32. Mr Avery submitted that the judge failed to have regard to the establishment of the relationship whilst the claimant’s immigration status was precarious. Mr Toal relied on the decision in Jones [2013] UKSC 19 where Lord Hope said that it is well established, as an aspect of Tribunal law and practice, that judicial restraint should be exercised when the reasons that a Tribunal gives for its decision are being examined. The Appellate Court should not assume too readily that the Tribunal misdirected itself just because not every step in its reasoning is fully set out in it. Mr. Toal also relied on Piglowska [1999] UKHL where Lord Hoffman said that the Appellate Court must bear in mind the advantage which the first instance judge had in seeing the parties and the other witnesses. This is well understood on questions of credibility and findings of primary fact. But it goes further than that. It also applies to the judge’s evaluation of those facts.
33. In this case the judge considered the claimant’s immigration history, his failure to apply for an extension of leave to remain and considered that the claimant and his partner had met after his leave had expired. The judge was impressed with the evidence given by the claimant and his partner. He found them to be open and honest. He also accepted the evidence that the partner was protecting her two daughters. The judge took into account the decision in Nagre which deals with a relationship was established at a time when the applicant’s immigration status was precarious. The judge also relied on I agree on Gulshan. He concluded that the appellant’s case is an exceptional case. I find no error of law in this decision.

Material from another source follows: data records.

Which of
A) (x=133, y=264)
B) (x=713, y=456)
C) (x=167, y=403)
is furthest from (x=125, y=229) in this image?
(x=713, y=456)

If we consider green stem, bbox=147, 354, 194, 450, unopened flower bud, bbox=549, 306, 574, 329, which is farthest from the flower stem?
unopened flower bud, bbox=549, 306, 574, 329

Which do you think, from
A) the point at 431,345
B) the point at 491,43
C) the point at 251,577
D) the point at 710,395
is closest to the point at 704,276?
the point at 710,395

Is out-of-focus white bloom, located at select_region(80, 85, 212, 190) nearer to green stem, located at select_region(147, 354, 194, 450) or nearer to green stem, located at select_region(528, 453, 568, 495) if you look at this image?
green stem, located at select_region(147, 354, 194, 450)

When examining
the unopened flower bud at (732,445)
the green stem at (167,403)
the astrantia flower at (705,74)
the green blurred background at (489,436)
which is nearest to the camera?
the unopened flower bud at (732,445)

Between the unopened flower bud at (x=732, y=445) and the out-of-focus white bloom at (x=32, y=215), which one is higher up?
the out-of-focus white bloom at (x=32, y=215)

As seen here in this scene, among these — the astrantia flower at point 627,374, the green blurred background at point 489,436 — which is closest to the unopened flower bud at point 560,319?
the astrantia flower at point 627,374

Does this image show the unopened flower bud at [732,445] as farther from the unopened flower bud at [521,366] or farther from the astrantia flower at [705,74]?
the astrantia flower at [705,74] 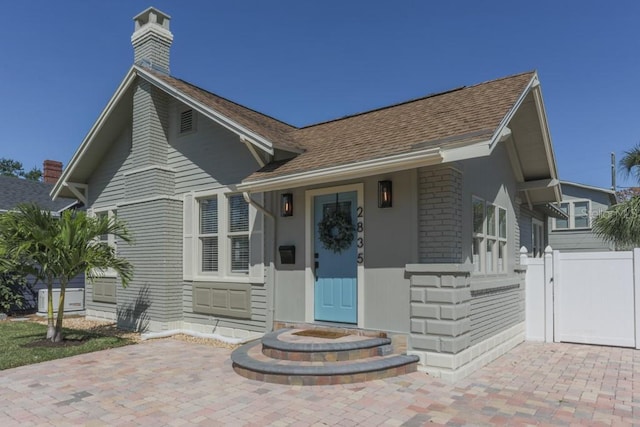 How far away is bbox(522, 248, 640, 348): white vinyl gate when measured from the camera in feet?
25.3

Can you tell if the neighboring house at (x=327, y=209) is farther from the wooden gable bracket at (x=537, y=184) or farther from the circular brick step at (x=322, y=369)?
Answer: the circular brick step at (x=322, y=369)

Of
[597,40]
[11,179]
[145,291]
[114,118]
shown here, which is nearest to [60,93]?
[11,179]

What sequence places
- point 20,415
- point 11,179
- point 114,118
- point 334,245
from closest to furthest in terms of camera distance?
point 20,415 → point 334,245 → point 114,118 → point 11,179

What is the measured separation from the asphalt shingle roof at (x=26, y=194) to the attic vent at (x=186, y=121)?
7.96 m

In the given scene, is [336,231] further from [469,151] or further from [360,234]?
[469,151]

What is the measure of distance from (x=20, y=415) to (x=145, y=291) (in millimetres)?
5057

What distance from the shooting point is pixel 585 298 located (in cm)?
806

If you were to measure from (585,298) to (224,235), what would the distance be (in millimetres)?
7084

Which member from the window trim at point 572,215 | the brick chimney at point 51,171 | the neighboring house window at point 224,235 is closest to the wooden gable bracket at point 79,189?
the neighboring house window at point 224,235

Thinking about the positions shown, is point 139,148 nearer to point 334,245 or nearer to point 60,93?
point 334,245

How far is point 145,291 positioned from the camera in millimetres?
9312

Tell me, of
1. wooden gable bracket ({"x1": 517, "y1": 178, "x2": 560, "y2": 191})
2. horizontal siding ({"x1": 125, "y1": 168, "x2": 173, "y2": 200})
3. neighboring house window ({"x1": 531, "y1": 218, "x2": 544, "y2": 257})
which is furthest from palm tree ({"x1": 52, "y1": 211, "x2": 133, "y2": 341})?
neighboring house window ({"x1": 531, "y1": 218, "x2": 544, "y2": 257})

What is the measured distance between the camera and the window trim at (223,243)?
Result: 7.92m

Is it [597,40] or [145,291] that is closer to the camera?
[145,291] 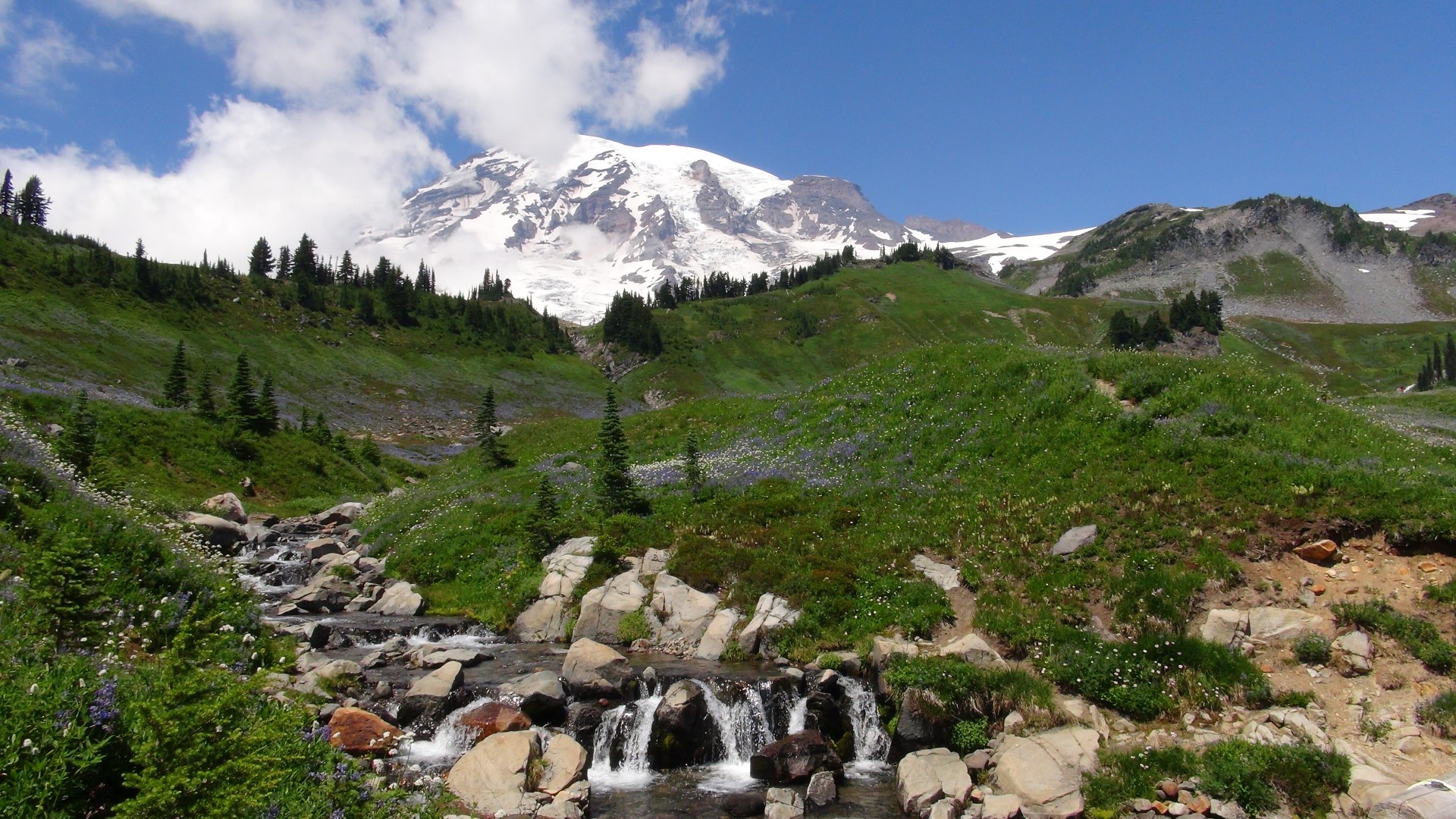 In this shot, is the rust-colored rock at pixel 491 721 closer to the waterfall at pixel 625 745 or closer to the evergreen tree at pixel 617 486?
the waterfall at pixel 625 745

34. I also find that the Secretary of State's letters of 23 January 2013 and 9 May 2012 indicated that had the claimant and his partner submitted better evidence of their relationship she may have come to a different conclusion. The judge heard evidence from the claimant and his partner, found that they have established a family and private life. That finding was not challenged by the respondent. The judge accepted that their relationship was akin to marriage. He accepted that they were in a committed and genuine relationship. I do not find that these findings are contradictory. It was because of his finding that they are in a relationship akin to marriage that the judge decided that they have established a family life.
35. I find that in light of UE (Nigeria) and Others [2010] EWCA Civ 957 the judge was entitled to take the claimant's wish to practice in the UK and his employment as a doctor in the UK as relevant factors. At paragraph 35 of UE the Court of Appeal concluded that it is open to the court to find that the loss of such public benefit is capable of being a relevant consideration when assessing the public interest side of proportionality under Article 8 as a matter of principle. The court also held at paragraph 24 that as a matter of principle there is no reason why the fact that the community in this country or part of it would lose something of value were an applicant to be removed should be seen as irrelevant to an assessment of the extent of the public interest in removal.
36. I find on this authority that the judge did not err in law in finding that the UK to some extent has invested in the claimant's continuing professional development within the NHS and that his development and potential to once again be an asset as a skilled medical doctor within the UK which will be lost if he is removed.
37. The judge’s decision allowing the claimant's appeal under Article 8 of the ECHR shall stand.